Нет, Анфиса так не могла. Кричит — значит, плохо ему, значит, она виновата. Сказать-то ведь не может, бедный, где у него болит.

Анфиса его носила, Анфиса его качала — не помогает. Соску-пустышку даже в рот не берет, выплевывает, будто его оскорбили. Беда! Приспособилась она его вниз головой качать — в таком положении иногда Вадим утихал и засыпал на полчасика. Тут-то бы и ей поспать, а не спится! Только и подремлешь, покуда кормишь. Он сосет, а ты спишь. Лежа Анфиса кормить себе не позволяла, чтобы не придушить ребенка.
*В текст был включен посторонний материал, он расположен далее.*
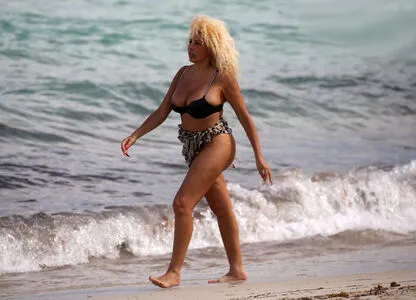 Oops International OnlyFans Leaked Free Thumbnail Picture - #haz0dkuIrz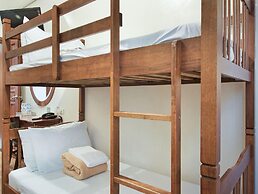 Townhouse OAK Avitel Hotel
На стуле кормила, на стуле спала.

— Это он потому орет, что некрещеный, — сказала Капа. — Просит его душенька теплой купели. Окрестишь — сразу будет шелковый. Хочешь, окрещу?

«Может, и впрямь окрестить?» — иногда думала Анфиса, когда совсем становилось невмоготу, но тут же гнала эту мысль как недостойную. Пусть растет как все, советским человеком. А то вырастет, в комсомол вступать, и вдруг дознаются: крещеный. Стыда не оберешься.

Панька Зыкова особо ребенком не интересовалась, и то слава богу. Чтобы ее не дразнить, Анфиса часто кипятила пеленки не в кухне, а у себя в комнате на примусе. Сушила на отоплении. Ничего, приспособилась. Только бы сон. А сна-то и не было. Она до того извелась не спавши, что ходила шатаясь, как пьяница. На ходу засыпала. Идет в кухню и спит, пеленки стирает и спит. Просыпается, когда головой падает чуть не в воду. А пора уже было на работу устраиваться: деньги, какие были, проела и молоко стало убывать. Вадим злился, рвал грудь и еще шибче орал, теперь уж от голода, вполне можно его оправдать. Выписали ему в консультации бутылочки: берис, верис. Он эти берисы-верисы не очень-то признавал, ему грудь подавай, да побольше. Анфиса, что было лишнее, все продала, за нелишнее взялась: туфли, валенки. Оставила самое необходимое, что на себе. Задолжала всем: Ольге Ивановне, Аде Ефимовне, Капе, только у Паньки не просила, до того еще не дошла. Прожила чужие деньги — и опять нет. Хочешь не хочешь — пора на работу.